Zulip Chat Archive

Stream: Is there code for X?

Topic: tensor product of a complex by module

Sarah El Boustany (Nov 19 2025 at 16:05):

Is there code for the tensor product of a complex by module?

Kevin Buzzard (Nov 19 2025 at 16:14):

Can you be more precise? Is the complex a complex of modules for the same ring? Is the ring commutative? (i.e. is the tensor product also a complex of modules or a complex of abelian groups)? I am only asking these questions because I don't know the answer to your question in any of these situations :-/ but formalization will care.

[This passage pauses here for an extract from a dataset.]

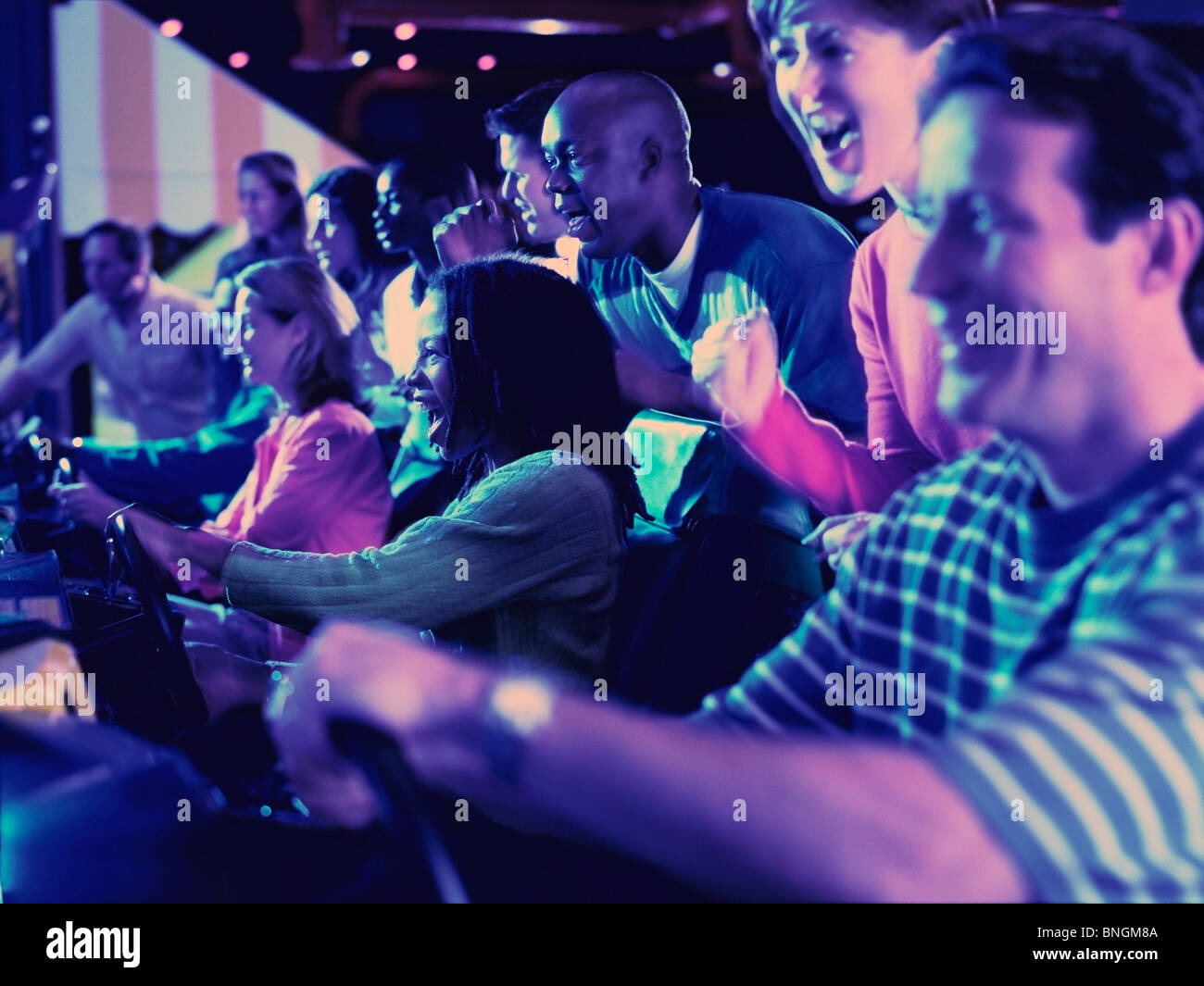 People playing video games in an amusement arcade Stock Photo - Alamy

Sarah El Boustany (Nov 19 2025 at 16:23):

Specifically, I am looking at $k$ a commutative ring, $A$ a $k$ -algebra, $M$ an $A$ -bimodule (equivalently a right module over the enveloping algebra of $A$ ), and I want to tensor the bar resolution of $A$ by $M$ over the enveloping algebra of $A$ . So it's a complex for the same ring, but the ring is not necessarily commutative (as far as I understand - I am still pretty new to this field)

Matthew Ballard (Nov 19 2025 at 16:26):

By enveloping in this context you mean $A^{\operatorname{op}} \otimes_k A$ , is that right?

Sarah El Boustany (Nov 19 2025 at 16:28):

Yes

Matthew Ballard (Nov 19 2025 at 16:35):

@Joël Riou will know best but docs#HomologicalComplex.coinvariantsTensorObj is a good place to start poking around

Sarah El Boustany (Nov 19 2025 at 16:35):

Thank you very much!

Joël Riou (Nov 19 2025 at 16:43):

We have the alternating (co)face map complex of a (co)simplicial object https://leanprover-community.github.io/mathlib4_docs/Mathlib/AlgebraicTopology/AlternatingFaceMapComplex.html but I do not think we have the simplicial object which sends n to the (n +1) tensor power of the k-algebra A.

Sarah El Boustany (Nov 19 2025 at 16:44):

Thank you, I will look into this tomorrow!

Last updated: Dec 20 2025 at 21:32 UTC